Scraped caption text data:
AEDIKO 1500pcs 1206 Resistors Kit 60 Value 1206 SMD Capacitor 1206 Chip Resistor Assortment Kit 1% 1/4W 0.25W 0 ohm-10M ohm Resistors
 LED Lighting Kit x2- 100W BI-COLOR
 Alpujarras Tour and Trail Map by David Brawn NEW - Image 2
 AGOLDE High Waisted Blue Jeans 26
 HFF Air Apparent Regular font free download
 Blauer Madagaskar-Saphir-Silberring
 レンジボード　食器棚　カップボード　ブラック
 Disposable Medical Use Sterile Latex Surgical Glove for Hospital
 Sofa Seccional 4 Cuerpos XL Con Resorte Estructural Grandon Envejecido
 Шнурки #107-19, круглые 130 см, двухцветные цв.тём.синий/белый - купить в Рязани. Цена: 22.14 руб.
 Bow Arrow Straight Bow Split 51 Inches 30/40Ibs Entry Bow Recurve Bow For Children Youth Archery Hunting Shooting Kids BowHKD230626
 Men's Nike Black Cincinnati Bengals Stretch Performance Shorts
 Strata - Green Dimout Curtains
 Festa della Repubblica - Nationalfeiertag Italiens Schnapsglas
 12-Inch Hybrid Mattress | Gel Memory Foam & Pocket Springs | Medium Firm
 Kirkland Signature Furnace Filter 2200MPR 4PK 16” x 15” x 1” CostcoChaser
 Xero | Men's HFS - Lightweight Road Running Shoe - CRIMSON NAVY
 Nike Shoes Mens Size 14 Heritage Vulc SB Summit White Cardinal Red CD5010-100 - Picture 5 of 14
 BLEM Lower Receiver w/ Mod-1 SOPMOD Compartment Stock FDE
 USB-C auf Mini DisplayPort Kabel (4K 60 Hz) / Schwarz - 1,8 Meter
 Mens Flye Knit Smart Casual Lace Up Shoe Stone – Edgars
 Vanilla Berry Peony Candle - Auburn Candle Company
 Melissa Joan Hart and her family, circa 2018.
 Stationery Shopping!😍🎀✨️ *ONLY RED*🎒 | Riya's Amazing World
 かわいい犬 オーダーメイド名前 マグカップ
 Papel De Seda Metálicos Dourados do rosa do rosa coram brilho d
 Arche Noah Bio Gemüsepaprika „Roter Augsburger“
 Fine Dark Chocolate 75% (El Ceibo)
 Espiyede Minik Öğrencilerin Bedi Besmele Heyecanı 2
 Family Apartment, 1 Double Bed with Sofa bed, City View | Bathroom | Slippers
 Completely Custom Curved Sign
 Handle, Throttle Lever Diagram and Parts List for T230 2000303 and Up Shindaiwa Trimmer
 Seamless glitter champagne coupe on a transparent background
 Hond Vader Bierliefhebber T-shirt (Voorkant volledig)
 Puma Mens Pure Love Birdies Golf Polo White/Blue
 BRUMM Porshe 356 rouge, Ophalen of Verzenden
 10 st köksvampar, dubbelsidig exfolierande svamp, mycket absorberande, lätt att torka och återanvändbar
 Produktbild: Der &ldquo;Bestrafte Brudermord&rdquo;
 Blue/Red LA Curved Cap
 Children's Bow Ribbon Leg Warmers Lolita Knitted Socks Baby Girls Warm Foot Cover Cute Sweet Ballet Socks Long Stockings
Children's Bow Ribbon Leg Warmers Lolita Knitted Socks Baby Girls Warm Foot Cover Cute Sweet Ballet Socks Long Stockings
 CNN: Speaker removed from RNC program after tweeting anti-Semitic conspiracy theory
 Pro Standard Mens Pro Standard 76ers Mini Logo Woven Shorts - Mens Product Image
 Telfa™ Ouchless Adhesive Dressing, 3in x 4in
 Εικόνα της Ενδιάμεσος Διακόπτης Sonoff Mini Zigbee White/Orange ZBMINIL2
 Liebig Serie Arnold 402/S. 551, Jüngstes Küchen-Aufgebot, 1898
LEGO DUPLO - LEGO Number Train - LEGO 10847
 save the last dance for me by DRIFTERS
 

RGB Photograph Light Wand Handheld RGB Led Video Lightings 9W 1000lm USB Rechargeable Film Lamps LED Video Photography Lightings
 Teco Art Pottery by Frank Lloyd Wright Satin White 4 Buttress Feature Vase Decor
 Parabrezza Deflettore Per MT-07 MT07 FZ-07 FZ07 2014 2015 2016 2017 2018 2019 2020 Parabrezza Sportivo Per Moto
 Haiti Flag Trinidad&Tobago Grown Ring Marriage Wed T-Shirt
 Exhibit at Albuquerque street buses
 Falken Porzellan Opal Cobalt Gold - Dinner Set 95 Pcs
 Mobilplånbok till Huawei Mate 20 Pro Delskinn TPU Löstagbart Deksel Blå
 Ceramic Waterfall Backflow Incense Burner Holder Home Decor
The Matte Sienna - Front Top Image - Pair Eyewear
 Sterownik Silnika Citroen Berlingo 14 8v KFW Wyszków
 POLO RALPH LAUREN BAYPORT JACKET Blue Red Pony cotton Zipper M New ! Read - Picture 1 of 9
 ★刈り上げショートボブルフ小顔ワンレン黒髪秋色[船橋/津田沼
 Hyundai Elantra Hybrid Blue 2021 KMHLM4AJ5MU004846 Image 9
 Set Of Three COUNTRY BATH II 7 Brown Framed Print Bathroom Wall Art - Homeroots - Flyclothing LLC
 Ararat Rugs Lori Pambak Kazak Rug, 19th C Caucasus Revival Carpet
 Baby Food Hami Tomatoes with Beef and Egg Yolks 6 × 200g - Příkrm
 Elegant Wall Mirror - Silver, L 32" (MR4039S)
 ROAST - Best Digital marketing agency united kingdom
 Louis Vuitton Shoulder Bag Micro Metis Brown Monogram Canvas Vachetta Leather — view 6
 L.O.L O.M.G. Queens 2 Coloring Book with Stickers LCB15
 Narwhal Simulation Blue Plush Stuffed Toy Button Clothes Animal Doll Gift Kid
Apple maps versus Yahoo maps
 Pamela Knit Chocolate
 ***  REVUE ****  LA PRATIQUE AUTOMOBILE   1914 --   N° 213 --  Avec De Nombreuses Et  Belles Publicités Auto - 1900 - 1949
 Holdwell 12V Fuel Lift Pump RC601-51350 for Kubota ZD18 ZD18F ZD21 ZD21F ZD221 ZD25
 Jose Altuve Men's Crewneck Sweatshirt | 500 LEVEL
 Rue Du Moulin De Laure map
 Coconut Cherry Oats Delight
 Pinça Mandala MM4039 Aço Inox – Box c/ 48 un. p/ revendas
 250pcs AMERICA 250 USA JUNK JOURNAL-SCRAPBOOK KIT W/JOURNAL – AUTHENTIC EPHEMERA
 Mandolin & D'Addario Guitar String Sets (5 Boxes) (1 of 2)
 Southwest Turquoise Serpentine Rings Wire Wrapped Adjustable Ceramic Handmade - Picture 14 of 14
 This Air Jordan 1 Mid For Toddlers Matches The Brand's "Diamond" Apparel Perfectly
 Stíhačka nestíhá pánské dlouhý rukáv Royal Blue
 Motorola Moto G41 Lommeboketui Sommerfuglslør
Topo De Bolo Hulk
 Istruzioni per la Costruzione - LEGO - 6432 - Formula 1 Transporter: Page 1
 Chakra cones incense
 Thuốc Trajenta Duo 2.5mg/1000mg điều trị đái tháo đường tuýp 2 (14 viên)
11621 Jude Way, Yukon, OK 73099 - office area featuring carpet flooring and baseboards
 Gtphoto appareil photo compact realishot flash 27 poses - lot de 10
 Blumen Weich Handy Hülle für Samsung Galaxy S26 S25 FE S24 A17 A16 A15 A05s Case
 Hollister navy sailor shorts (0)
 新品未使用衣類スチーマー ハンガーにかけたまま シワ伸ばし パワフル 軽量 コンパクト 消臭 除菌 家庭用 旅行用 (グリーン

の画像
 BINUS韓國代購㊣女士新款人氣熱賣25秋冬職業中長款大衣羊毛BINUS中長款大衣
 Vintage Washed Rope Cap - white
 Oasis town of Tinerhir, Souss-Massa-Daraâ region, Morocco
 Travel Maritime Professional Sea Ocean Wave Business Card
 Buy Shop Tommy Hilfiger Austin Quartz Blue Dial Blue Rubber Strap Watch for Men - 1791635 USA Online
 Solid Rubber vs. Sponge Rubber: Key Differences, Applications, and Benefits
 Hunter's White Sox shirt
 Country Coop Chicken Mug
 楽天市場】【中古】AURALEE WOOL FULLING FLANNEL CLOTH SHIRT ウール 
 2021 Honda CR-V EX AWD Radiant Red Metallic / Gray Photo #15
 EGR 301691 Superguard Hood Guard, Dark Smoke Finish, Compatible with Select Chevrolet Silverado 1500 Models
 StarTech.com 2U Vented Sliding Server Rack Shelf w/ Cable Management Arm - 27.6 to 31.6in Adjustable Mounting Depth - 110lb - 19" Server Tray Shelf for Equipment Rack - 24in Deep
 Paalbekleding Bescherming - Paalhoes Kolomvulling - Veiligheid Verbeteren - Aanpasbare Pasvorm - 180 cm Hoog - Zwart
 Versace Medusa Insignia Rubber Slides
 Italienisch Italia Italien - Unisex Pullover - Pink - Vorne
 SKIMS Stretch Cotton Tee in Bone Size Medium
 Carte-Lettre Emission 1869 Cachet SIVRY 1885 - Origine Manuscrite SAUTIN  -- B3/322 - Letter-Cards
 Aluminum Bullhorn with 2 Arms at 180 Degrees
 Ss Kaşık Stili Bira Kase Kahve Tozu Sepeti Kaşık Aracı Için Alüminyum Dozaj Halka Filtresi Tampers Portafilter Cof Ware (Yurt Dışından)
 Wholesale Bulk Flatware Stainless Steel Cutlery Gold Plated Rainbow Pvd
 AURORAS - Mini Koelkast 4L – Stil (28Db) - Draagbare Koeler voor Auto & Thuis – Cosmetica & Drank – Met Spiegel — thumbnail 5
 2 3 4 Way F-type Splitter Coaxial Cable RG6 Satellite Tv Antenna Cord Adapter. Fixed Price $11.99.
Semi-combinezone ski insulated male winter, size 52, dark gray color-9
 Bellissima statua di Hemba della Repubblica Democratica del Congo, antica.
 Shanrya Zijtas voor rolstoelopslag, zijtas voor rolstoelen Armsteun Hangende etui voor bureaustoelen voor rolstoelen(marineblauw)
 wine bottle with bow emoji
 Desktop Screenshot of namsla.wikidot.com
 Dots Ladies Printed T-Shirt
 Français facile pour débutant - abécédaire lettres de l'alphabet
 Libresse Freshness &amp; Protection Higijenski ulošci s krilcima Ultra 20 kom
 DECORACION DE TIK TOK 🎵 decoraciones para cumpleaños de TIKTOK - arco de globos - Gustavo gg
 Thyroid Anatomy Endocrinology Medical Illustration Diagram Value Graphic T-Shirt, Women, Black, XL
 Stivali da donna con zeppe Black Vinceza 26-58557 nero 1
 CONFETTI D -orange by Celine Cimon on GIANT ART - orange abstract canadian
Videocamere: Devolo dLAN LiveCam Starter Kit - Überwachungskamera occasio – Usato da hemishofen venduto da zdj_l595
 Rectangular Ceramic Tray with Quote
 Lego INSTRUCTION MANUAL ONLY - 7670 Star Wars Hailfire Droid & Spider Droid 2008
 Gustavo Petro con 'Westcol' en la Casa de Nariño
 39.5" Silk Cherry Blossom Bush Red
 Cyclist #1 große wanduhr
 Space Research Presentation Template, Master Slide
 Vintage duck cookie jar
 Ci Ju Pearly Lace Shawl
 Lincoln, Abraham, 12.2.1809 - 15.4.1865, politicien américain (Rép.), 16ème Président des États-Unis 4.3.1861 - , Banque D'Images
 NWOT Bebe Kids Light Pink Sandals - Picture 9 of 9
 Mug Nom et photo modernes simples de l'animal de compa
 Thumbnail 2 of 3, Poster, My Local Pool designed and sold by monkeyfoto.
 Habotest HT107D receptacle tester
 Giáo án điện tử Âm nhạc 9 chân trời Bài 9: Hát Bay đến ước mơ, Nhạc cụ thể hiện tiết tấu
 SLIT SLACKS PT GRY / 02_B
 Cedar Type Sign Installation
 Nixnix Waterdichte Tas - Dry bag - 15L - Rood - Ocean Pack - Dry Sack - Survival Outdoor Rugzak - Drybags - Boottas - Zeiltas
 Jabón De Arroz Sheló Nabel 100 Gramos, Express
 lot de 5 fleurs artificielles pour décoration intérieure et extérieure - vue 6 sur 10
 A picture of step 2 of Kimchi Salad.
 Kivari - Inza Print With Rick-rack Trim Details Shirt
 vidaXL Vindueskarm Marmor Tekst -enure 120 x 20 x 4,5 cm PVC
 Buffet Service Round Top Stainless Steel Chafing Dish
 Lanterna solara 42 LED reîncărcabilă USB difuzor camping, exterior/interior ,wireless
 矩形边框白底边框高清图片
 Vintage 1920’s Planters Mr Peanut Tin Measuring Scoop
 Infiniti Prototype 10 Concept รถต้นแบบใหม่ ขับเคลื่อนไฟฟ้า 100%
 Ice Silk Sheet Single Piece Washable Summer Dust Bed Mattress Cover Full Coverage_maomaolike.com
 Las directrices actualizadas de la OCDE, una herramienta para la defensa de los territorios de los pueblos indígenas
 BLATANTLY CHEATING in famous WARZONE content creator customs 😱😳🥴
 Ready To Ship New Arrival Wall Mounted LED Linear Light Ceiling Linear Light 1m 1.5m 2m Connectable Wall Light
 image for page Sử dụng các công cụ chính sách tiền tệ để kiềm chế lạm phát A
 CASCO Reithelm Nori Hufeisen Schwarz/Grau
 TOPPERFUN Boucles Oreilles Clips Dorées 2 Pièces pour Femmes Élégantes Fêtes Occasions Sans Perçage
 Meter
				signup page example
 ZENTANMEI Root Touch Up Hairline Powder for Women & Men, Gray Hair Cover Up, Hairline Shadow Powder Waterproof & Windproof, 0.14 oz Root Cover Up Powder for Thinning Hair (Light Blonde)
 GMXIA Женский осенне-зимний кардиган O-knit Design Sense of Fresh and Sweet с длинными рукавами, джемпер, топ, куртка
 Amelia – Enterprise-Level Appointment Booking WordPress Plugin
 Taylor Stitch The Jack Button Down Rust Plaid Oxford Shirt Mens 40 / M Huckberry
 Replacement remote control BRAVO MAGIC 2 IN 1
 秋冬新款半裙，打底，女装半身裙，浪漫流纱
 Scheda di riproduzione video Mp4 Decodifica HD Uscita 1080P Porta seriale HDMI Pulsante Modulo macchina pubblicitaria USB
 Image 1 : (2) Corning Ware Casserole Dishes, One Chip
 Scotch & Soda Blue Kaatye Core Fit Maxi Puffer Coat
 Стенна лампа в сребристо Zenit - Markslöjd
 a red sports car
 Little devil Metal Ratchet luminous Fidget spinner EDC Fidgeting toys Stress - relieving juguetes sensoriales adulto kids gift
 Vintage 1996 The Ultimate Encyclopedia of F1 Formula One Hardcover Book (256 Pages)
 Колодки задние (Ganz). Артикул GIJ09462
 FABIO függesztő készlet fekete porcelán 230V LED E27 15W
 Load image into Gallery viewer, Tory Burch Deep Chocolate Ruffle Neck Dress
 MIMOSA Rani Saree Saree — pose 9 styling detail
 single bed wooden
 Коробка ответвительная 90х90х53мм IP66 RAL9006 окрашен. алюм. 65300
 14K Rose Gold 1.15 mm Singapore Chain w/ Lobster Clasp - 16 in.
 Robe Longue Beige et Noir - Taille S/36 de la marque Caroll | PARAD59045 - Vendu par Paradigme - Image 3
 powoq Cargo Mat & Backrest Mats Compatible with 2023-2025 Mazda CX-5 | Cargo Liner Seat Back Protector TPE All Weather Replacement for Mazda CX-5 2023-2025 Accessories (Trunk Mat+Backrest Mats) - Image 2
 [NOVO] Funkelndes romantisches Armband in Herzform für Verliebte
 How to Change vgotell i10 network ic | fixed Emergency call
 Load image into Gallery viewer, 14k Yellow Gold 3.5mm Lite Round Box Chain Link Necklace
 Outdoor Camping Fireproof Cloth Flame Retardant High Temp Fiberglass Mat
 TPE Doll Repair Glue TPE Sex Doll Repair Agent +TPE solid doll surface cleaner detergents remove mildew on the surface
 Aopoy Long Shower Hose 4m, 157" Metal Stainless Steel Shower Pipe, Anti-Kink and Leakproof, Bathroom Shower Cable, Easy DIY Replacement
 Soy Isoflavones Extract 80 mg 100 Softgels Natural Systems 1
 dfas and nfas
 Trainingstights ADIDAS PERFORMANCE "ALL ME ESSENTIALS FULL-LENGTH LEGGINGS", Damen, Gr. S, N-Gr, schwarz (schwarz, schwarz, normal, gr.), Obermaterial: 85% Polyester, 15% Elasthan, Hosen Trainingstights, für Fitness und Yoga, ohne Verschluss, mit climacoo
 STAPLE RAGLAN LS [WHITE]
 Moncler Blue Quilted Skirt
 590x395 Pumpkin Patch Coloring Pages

Task statement:
Starting at the line that has "AGOLDE High Waisted Blue Jeans 26" and ending at the line that has "Sofa Seccional 4", please write out the lines above exactly, leaving out all others.

Answer space:
 AGOLDE High Waisted Blue Jeans 26
 HFF Air Apparent Regular font free download
 Blauer Madagaskar-Saphir-Silberring
 レンジボード　食器棚　カップボード　ブラック
 Disposable Medical Use Sterile Latex Surgical Glove for Hospital
 Sofa Seccional 4 Cuerpos XL Con Resorte Estructural Grandon Envejecido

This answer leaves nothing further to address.